Even though it’s the onset of Spring that has helped me get out of the reviewing slump, it’s probably not very metal to talk about the green shoots of life conquering the darkness of winter. Take Ethereal Darkness. Would I be reviewing them if they growled about frolicking lambs and sunny days? No. I’m reviewing their sophomore effort, Echoes, because it’s about grief, loss, the quiet weight of being human, and all the things needed to make good metal.
It’s also one of the best albums of the year so far.
Ethereal Darkness are part of the wave of bands splitting the difference between melodeath and doom metal in long form compositions that inevitably draw Insomnium comparisons. However, while definitely part of the family, Ethereal Darkness offer a more ferocious, more diverse take on the idea on Echoes. Just listen to the furious black metal assault that launches a minute into album closer “Realization” and the shimmering post-black tones that attack dissolves into. They opt for a more somber palette too, closer to Be’lakor than Insomnium, that helps drive a heavy depth and texture of sound that gives Echoes the feeling of a doom album. Indeed, the best way to describe Echoes is black-tinged melodeath riffs used to create proggy, posty doom song structures.

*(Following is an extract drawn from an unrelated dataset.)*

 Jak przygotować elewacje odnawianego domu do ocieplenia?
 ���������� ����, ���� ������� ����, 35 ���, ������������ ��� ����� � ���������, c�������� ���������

That’s a great idea but turns out to be weakness as much as strength here, as over the course of a full hour. I regularly got the urge to pause Echoes at the 45 minute mark as the album became too much, too samey. If I did so and returned, I enjoyed the end, but that doesn’t change the fact that this sort of listener fatigue is a bad thing. While Ethereal Darkness‘ layered sound and lengthy compositions do set out to create that sense of crushing darkness and I am seeing a bug in a feature, more pronounced use of their quieter moments would create a shading that only increases the sense of darkness.

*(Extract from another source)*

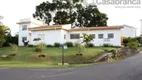 Foto 29 de Casa de Condomínio com 3 Quartos para alugar, 500m² em Portal do Sabia, Aracoiaba da Serra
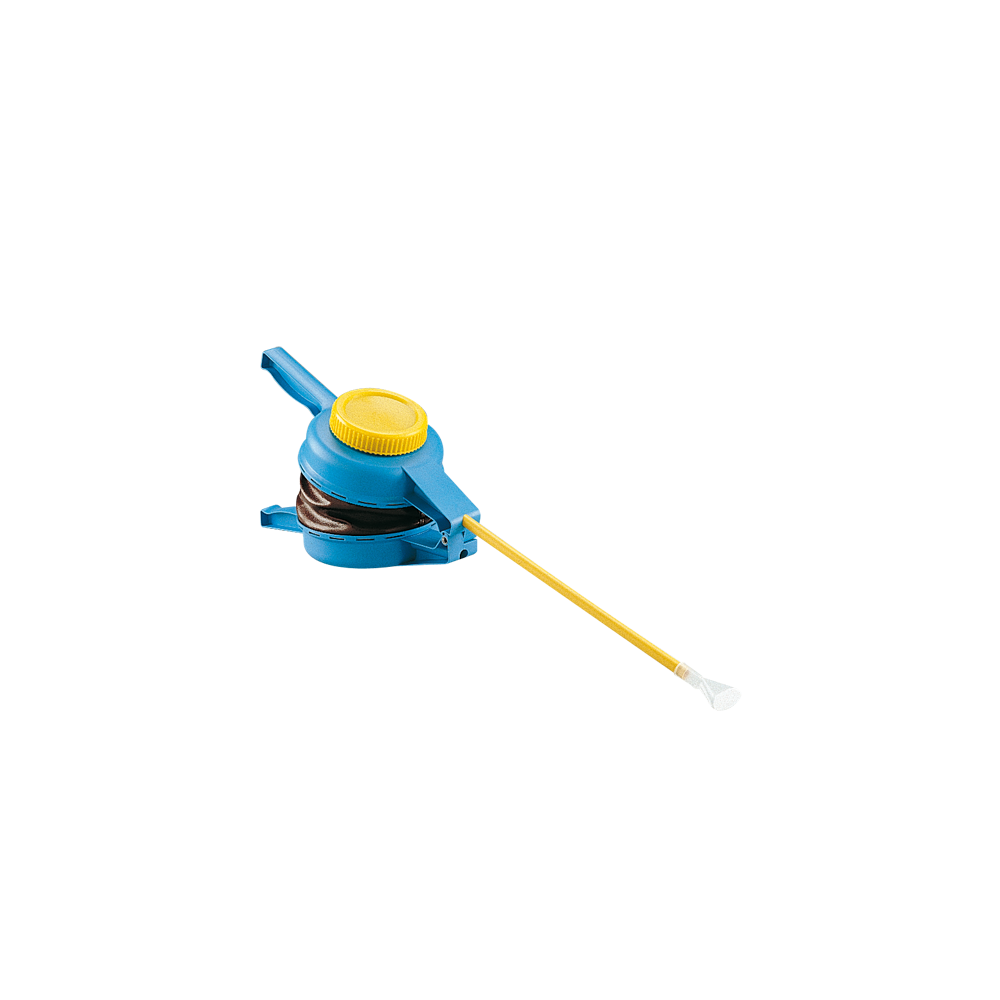 Polminor Duster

While this is a significant quibble to say the least, it didn’t stop me enjoying Echoes. It’s one of the best things to come out of the gloomy melodeath ranks in a long time, a ferocious assertation that the genre is about more than pretty metal riffs for sitting by the waters all forlorn and depressed. That’s why even while finding Echoes way too long, I still played it again and again. Sunny days are well and good, but music like Ethereal Darkness‘ can give you just as much of a shot in the arm.